- Да, это вопрос настоятельный ... Хотите завтра? Может быть вы позавтракаете с нами?.. - как-то нерешительно пригласил он, и тут же прибавил: - потом и поговорим!
- Охотно, в котором часу?
- Так, в час...
Обратившись к "бабушке", он сказал:
- Записки подвигаются? Хорошо вспоминается молодость...
Тут он и простился с нами, сказав, что едет на "малое совещание" Временного Правительства.
Посидев еще несколько минут с "бабушкой" я приготовился ретироваться. Когда я уже встал и простился с "бабушкой", из той же внутренней двери, откуда появился Керенский, неожиданно вошла его жена, Ольга Львовна Керенская.
Я познакомился с нею в одном из послереволюционных общих собраний присяжных поверенных, в котором она, с моего разрешения, делала сбор в пользу освобожденных "политических", вернувшихся из ссылки. Сбор этот имел успех, и сама она удостоилась шумных оваций.
Очень моложавая на вид, энергичная и подвижная, она производила впечатление плохо упитанной курсистки, нервно и повышенно воспринимающей жизненные тяготы. Бледное лицо ее обрамленное светло-русыми, зачесанными к низу волосами, было скорее приятно.
- Александр Федорович, - сказал я ей на прощанье, - позвал меня завтра к вам завтракать ... Вы разрешаете?..
Она посмотрела на меня большими глазами, но тут же как бы сообразив, что это с моей стороны только "светский прием", довольно тонно, протягивая мне руку, сказала:
- Пожалуйста!..
ГЛАВА СОРОК ТРЕТЬЯ.
Ровно в час, на другой день, я входил в столовую министерской квартиры, где шел шумный говор и где все уже сидели за длинным обеденным столом.
Место подле хозяйки, сидевшей на ближайшем от двери крае стола, прямо против мужа, было оставлено для меня.
- Я опоздал?..
- Нет, нет! - воскликнул Керенский. - Мы, по-походному, собрались и сели, так удобнее говорить... Теперь все на лицо, можно подавать...
Я поздоровался только с хозяйкой, с "бабушкой", сидевшей справа от нее, и с Керенским, и сделал затем общий поклон.
Человек двадцать, а то и более, сидело за столом, не считая еще двух сыновей Керенского, которые накануне катали шары в бильярдной и указали мне, где я найду "бабушку". Я перекинулся с ними приветствием.

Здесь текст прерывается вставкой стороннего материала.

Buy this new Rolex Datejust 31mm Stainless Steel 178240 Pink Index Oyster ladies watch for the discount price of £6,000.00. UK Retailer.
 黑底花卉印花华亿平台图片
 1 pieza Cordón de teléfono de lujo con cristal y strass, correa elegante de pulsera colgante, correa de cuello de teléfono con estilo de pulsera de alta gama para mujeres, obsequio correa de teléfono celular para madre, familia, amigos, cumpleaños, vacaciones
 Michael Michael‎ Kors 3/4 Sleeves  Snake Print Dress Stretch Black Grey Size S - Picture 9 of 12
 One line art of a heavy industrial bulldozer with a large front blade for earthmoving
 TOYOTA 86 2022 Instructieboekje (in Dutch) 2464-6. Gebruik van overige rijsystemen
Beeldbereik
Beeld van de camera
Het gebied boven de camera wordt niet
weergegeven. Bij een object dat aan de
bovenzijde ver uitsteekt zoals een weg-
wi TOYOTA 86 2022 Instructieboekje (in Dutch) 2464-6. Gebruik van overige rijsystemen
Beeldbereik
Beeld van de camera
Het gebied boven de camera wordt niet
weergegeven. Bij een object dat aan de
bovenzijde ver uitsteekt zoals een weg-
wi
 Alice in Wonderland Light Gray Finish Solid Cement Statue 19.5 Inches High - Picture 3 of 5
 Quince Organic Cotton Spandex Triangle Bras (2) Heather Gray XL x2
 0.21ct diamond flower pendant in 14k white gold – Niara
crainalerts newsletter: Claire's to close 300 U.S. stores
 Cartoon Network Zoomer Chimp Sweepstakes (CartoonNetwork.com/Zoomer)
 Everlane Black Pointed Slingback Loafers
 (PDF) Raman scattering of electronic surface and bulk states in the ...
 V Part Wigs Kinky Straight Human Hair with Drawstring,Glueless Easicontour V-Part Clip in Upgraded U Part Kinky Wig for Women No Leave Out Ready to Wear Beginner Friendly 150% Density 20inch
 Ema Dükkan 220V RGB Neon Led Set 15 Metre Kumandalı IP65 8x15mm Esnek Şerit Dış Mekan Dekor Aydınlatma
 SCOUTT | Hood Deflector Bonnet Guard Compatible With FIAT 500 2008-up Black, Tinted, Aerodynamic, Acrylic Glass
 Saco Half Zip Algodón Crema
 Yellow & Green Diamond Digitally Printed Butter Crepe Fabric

Ориентироваться в том, в какой я очутился компании и кто именно все эти, мною дотоле, не виденные лица, было не легко. Все говорили разом и расслышать, что говорил каждый из них не представлялось возможности. По их внешнему виду также мудрено было ориентироваться: очень разношерстными они мне показались, хотя общая печать возбуждения и нервности была присуща им всем. Костюмы также не говорили ничего определенного, так они были разнообразны и случайны. Двое-трое были в военно-походной форме, некоторые в рабочих тужурках, на подобие той, в которой теперь всюду появлялся Керенский, но были и обыкновенные пиджаки и даже один черный сюртук, при белом галстуке, сидевший очень мешковато на пожилом, сухощавом, в очках, господине.
Не вступая в общий разговор, или скорее в перекрикивания присутствующих отдельными, друг к другу, обращениями и вопросами, так как это было бы совершенно невозможно, и ограничился беседой с хозяйкой и "бабушкой", подле которых чувствовал себя более уютно.
Только с их слов я понял, что большинство присутствующих "политические", частью только что возвращенные из ссылки, частью вернувшиеся из-за границы, откуда въезд в Россию был для них раньше не безопасен.
Блюда вполне скромного завтрака подавались, довольно нескладно, двумя министерскими курьерами (теперь "товарищами"), одетыми в летние коломянковые тужурки. Вина на столе не было, но был квас и вода.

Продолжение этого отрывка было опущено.